July 2013 Weddings

Dress Regret... (LONG)

So I just got a call from my bridal salon telling my dress has come in, and it got me back to thinking...

When I purchased my dress, I was definitely caught up in the moment. My "dream" dress at the time was a Vera Wang Diana which I got to try on but definitely did not meet my expectations -- so I was deflated and saddened. Then every dress I tried on just didn't look good on me, or wasn't what I wanted, or looked wrong, etc. I got to a point where I was frustrated and getting desperate. Then we went to "the" salon, where I found a dress that was strikingly similar to the Diana dress I had been dreaming about but was half the price and looked just as "fluffy" as I was hoping.

Problem?
Well, for starters, my mom passed away awhile ago, so during the dress-searching process I relied heavily on my father. One of the dresses I tried on was inspired by a Dior gown -- but it was SO untraditional! It was grey/blue, no train, very intricate piping, and it looked like a red carpet gown... but it wasn't remotely close to making me feel like a bride. Well, my dad LOVED that dress. He continues to talk about how amazing I looked in it, and blah blah blah.
Part TWO of this is that I've always wanted a fashion-forward gown. I have never wanted a cookie-cutter "typical" or "expected" gown. Yet, at the same time, I wanted to feel like a bride when I was in the dress. I interpreted this as an unconventional design while still being generally white in color and some sort of silhouette similar to a ball gown.

So, long story short...
I don't feel like my dress is up to every standard I had hoped for. I broke down and showed FI the dress (not with me in it) and he likes it and says it isn't worth trying to find another one... but I still can't help but feel anxious about it. I don't know if it's really "me" -- and ESPECIALLY since my dad won't stop freaking talking about that other dress... it just has me feeling so insecure about my decision. But at the same time, it is a really pretty dress and there's nothing wrong with it... I know it'll be beautiful and nobody will have any idea about my dilemma... but ugh.

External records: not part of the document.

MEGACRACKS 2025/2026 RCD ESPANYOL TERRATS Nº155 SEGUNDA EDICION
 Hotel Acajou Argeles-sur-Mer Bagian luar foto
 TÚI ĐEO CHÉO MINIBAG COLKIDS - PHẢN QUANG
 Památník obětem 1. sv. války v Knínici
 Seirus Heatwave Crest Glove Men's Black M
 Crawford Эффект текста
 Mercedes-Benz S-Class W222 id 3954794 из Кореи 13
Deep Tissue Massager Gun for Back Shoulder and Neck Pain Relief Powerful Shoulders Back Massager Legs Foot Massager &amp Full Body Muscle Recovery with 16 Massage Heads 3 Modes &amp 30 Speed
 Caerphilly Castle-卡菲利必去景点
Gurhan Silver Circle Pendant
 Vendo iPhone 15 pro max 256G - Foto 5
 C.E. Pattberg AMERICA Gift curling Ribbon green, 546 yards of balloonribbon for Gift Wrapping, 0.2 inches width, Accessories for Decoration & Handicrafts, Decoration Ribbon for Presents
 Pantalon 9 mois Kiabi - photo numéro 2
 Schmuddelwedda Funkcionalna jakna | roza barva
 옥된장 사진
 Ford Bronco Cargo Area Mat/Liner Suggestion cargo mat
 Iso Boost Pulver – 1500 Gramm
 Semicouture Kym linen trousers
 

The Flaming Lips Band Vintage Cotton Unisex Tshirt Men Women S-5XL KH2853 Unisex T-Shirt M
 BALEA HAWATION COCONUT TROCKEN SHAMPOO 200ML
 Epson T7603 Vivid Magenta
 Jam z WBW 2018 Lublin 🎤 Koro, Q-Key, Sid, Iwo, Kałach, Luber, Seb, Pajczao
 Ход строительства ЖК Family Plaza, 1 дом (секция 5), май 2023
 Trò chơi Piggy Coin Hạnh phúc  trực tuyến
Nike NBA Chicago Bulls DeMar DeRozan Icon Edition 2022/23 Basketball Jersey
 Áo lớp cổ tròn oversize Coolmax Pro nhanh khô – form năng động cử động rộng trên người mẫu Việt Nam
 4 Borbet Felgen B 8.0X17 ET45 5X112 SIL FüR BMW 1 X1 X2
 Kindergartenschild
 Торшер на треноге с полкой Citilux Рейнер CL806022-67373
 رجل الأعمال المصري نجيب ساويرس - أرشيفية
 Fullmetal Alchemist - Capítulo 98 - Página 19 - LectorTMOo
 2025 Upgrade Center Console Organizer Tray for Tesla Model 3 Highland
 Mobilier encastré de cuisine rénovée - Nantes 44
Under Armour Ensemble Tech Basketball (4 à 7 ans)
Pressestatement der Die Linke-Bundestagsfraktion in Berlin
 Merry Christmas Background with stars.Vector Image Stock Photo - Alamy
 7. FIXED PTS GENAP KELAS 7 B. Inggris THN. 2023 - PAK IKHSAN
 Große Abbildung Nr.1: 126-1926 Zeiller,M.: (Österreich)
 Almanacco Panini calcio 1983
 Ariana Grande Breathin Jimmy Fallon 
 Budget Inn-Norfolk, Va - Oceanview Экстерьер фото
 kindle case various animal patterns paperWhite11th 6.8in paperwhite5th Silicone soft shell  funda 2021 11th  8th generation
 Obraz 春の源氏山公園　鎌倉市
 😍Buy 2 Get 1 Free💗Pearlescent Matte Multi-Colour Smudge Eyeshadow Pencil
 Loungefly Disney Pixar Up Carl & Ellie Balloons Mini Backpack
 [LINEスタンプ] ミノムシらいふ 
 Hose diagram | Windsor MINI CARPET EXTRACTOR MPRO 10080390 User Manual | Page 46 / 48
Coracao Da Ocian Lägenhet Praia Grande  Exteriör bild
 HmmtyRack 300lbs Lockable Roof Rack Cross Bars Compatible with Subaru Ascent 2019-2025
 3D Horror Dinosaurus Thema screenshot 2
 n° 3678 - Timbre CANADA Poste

I guess I'm part venting and part hoping for advice...
Any dream dress that I would be willing to go through the effort of selling my current dress for would be at LEAST twice the price. I just can't decide if it's worth it.

Anyway, here's a pic of the dress on a mannequin (but it'll be converted to a sweetheart neckline):



Here's an example of maybe a dress I'd trade it for:



Please convince me I'm crazy and I don't need to do this. ;_;
Wedding Countdown Ticker

Re: Dress Regret... (LONG)

  • I think dress regret is common and you are only going to make these feelings worse by looking at other dresses. Stop it! (I was the worst about looking at other dresses.. So I know. Stop it!)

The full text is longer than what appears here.